In our work, the network alignment techniques are divided into two categories, the spectral method and the network representation learning method. The goal of the spectral approach is to align the two networks based on the adjacency matrix operation. While, the network representation learning method requires an intermediate step where the nodes in the network are represented as embedding.

2.1 Spectral Method

Many spectral methods [11, 17], using matrix factorization, aim to directly calculate the alignment matrices.
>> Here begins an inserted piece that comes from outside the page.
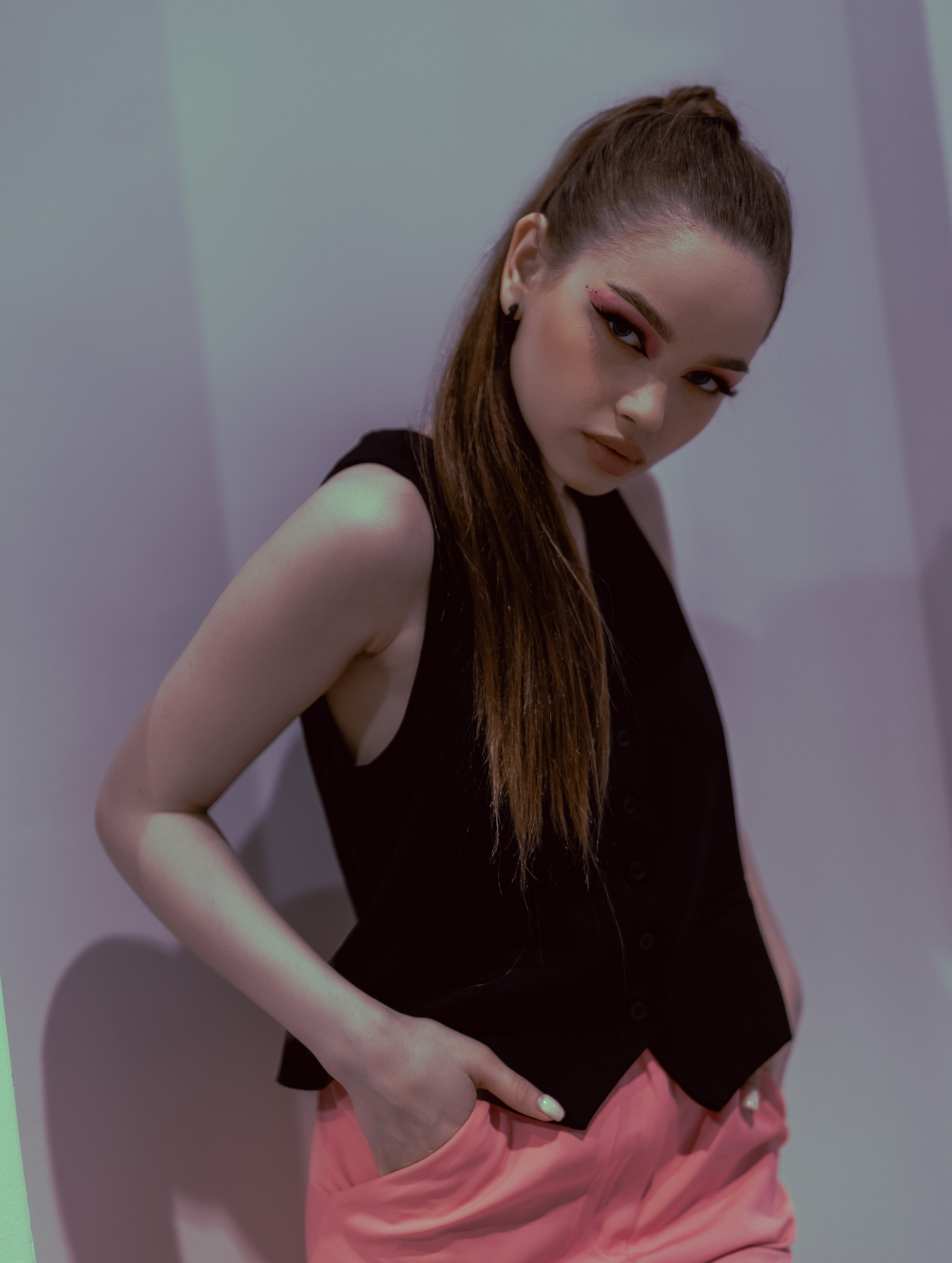 Гэс-2. Свадебный фотограф в Москве Кристина Чехова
Assuming that the input graph is in the form of an adjacency matrix, the spectral alignment technique defines the model in the form of a loss function, which considers the adjacency matrix of the source network and the target network. The node features are constants and the alignment matrices are variables. During the alignment process, the alignment matrix is learned by optimizing the loss function based on the structure or property consistency assumptions.

IsoRank [18] is one of the popular and typical techniques in the category which utilizes only topological information. The main idea is that two nodes in two networks are similar if their neighbors are similar, but the technique is highly sensitive to structural noise. BigAlign [10] uses only the attribute information to align the nodes. FINAL [28] is different from previous methods that only used topological or attribute information, and chooses to use both of them to better capture the information of the network nodes. REGAL [8] models the alignment matrix by topology and feature similarity and then employs low-rank matrix approximation to speed up calculation.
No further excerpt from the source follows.